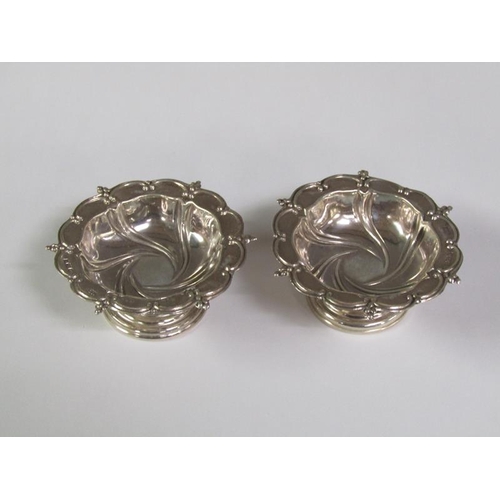 149 - A pair of Edwardian silver table salts, Birmingham 1906, 6.25cm diam.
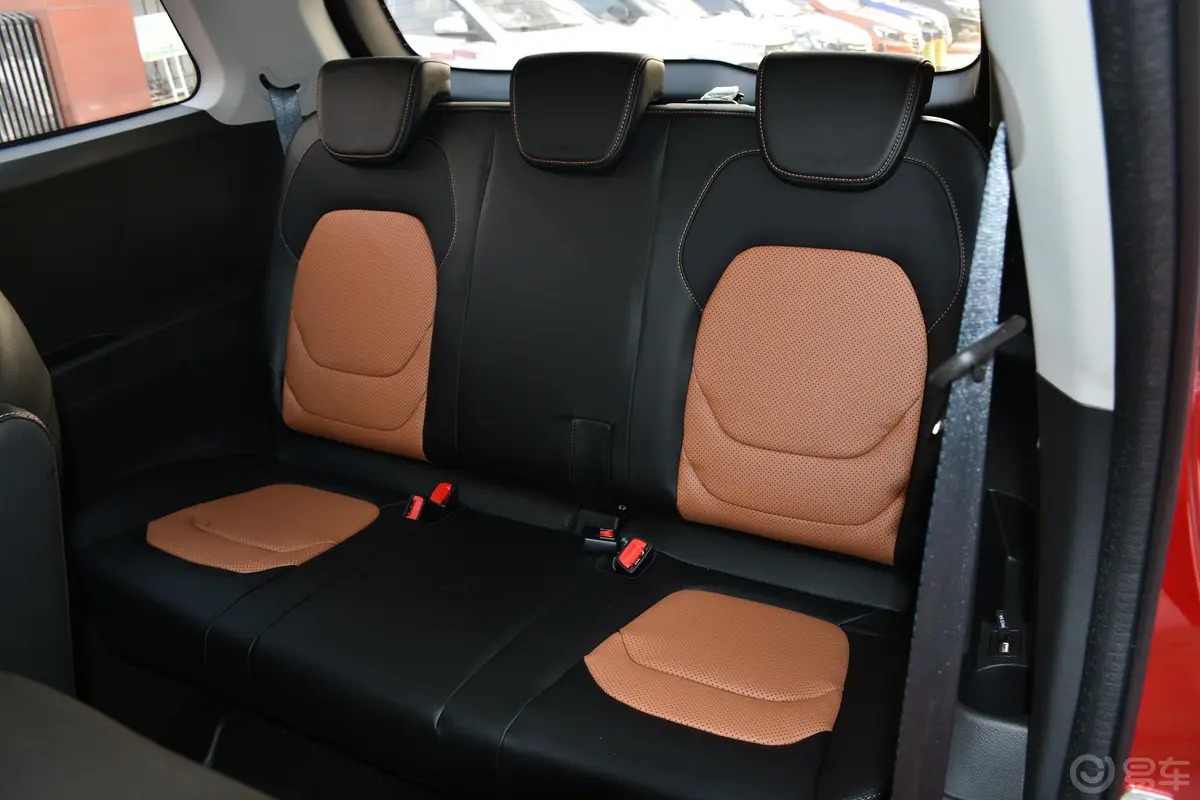 五菱宏光S31.5L 手动 舒适型 国V第三排座椅
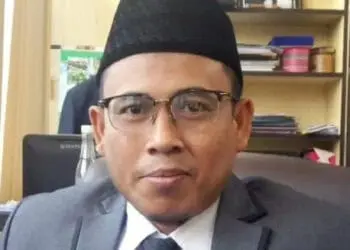 ADUAN SAAT RESES: Wakil Ketua DPRD Kabupaten Serang, Mansur Barmawi. (SIDIK/SATELIT NEWS)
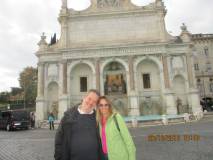 I proff Francesco Jannilli e Ada Musci davanti al Fontanone dell’Acqua Paola o Traiana, e non Alsietina, come erroneamente scritto nella epigrafe
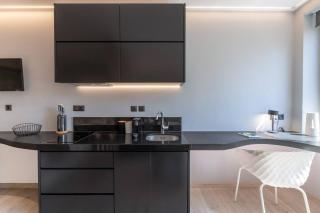 The HostMaster Deluxe Suite - Atene - 6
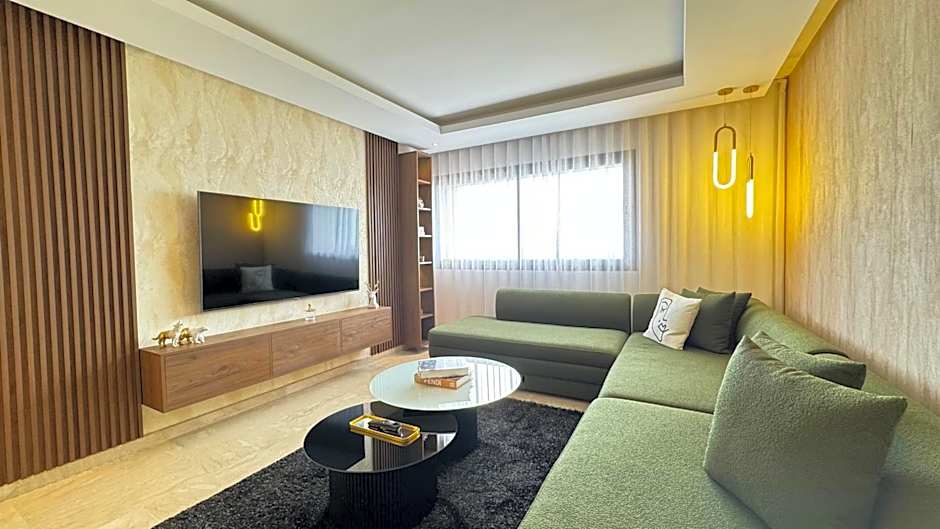 Penthouse View 2BR Terrace - AppartAli Luxury Platform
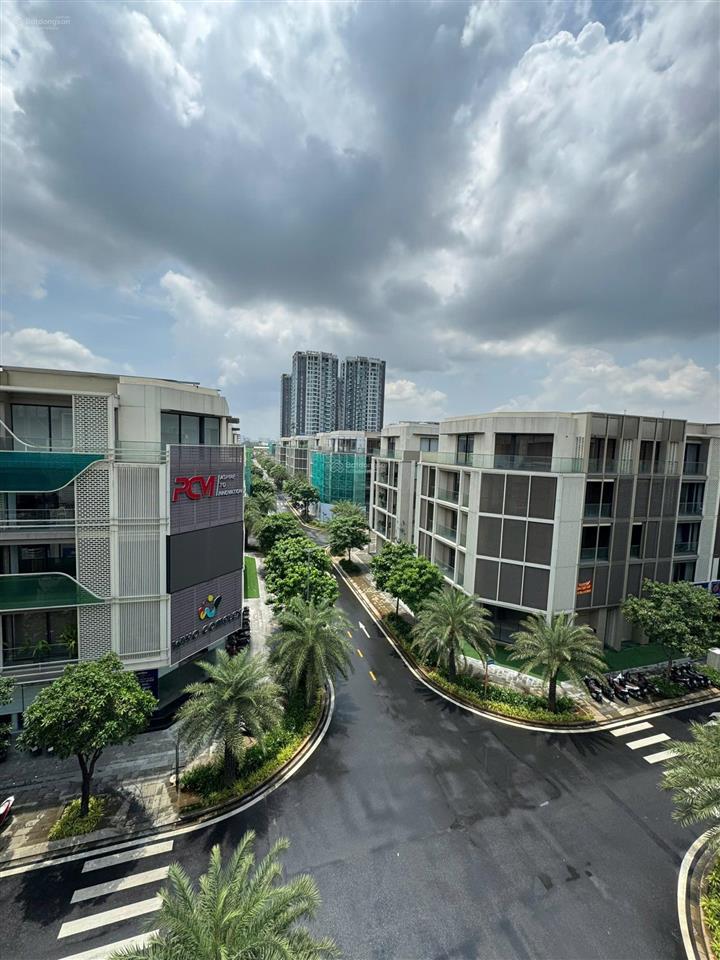 Cơ hội thuê căn góc vị trí đẹp, 1 trệt 4 lầu máy lạnh âm trần, có thang máy, giá chỉ 90tr/tháng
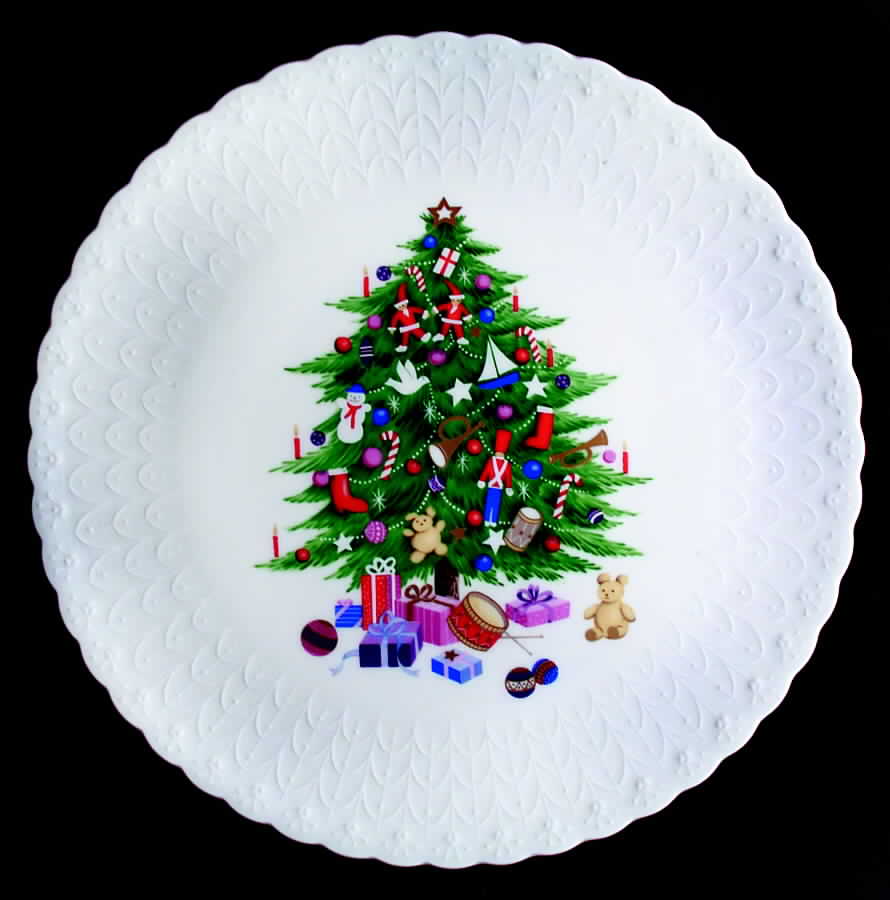 Christmas Spirit Cake Plate by Mikasa-1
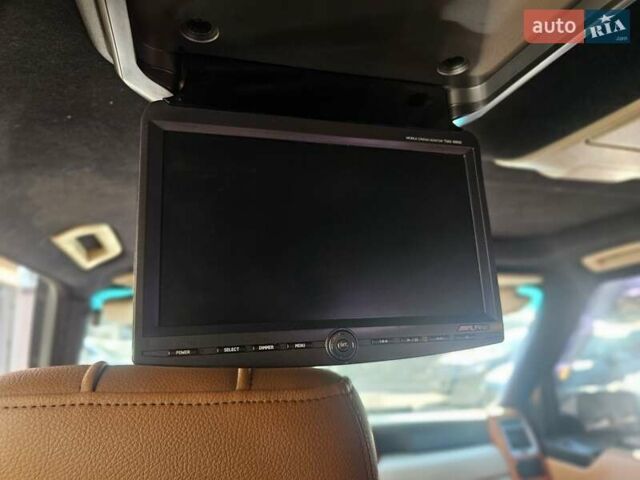 Черный Ленд Ровер Дискавери, объемом двигателя 2.93 л и пробегом 500 тыс. км за 6850 $, фото 12 на Automoto.ua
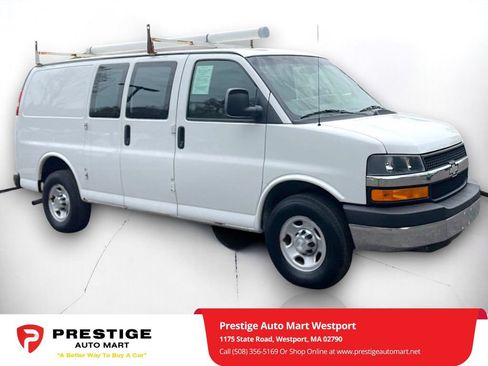 Used 2015 Chevrolet Express 2500 w/ Chrome Appearance Package RWD image 1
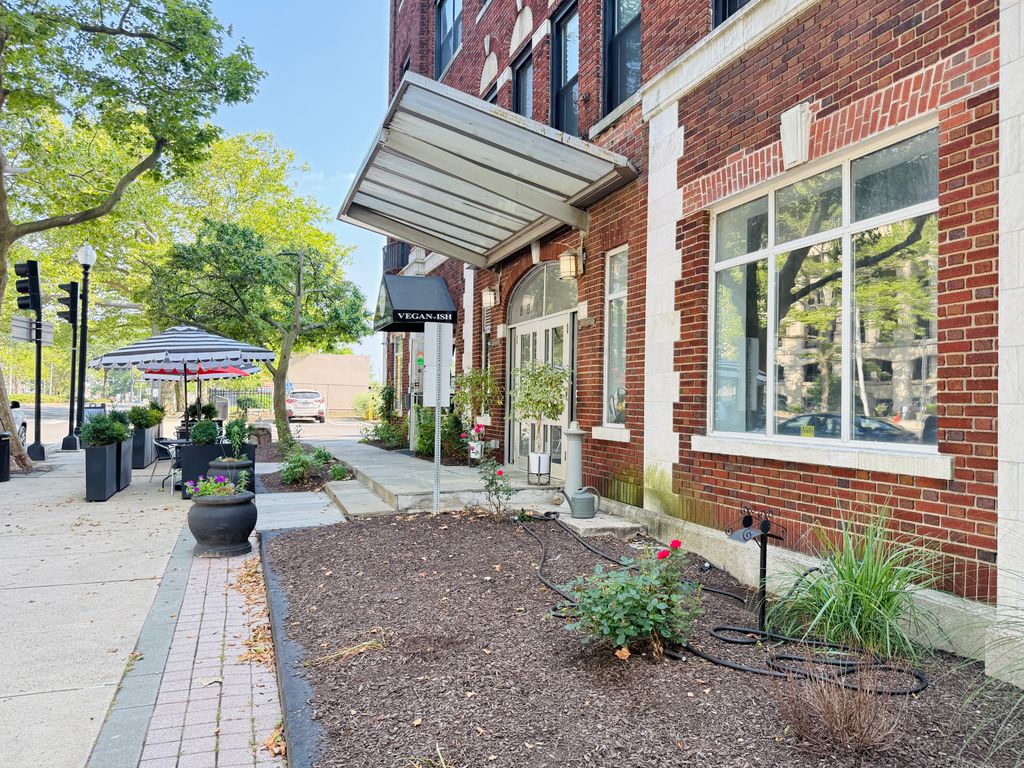 881 Lafayette Boulevard 2H, Bridgeport, CT 06604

____

What is being asked: Leaving the pictures aside, copy exactly and only the lines from the one holding "ADUAN SAAT RESES: Wakil" through the final line of the data, both ends kept.

Response below:
 ADUAN SAAT RESES: Wakil Ketua DPRD Kabupaten Serang, Mansur Barmawi. (SIDIK/SATELIT NEWS)
 I proff Francesco Jannilli e Ada Musci davanti al Fontanone dell’Acqua Paola o Traiana, e non Alsietina, come erroneamente scritto nella epigrafe
 The HostMaster Deluxe Suite - Atene - 6
 Penthouse View 2BR Terrace - AppartAli Luxury Platform
 Cơ hội thuê căn góc vị trí đẹp, 1 trệt 4 lầu máy lạnh âm trần, có thang máy, giá chỉ 90tr/tháng
 Christmas Spirit Cake Plate by Mikasa-1
 Черный Ленд Ровер Дискавери, объемом двигателя 2.93 л и пробегом 500 тыс. км за 6850 $, фото 12 на Automoto.ua
 Used 2015 Chevrolet Express 2500 w/ Chrome Appearance Package RWD image 1
 881 Lafayette Boulevard 2H, Bridgeport, CT 06604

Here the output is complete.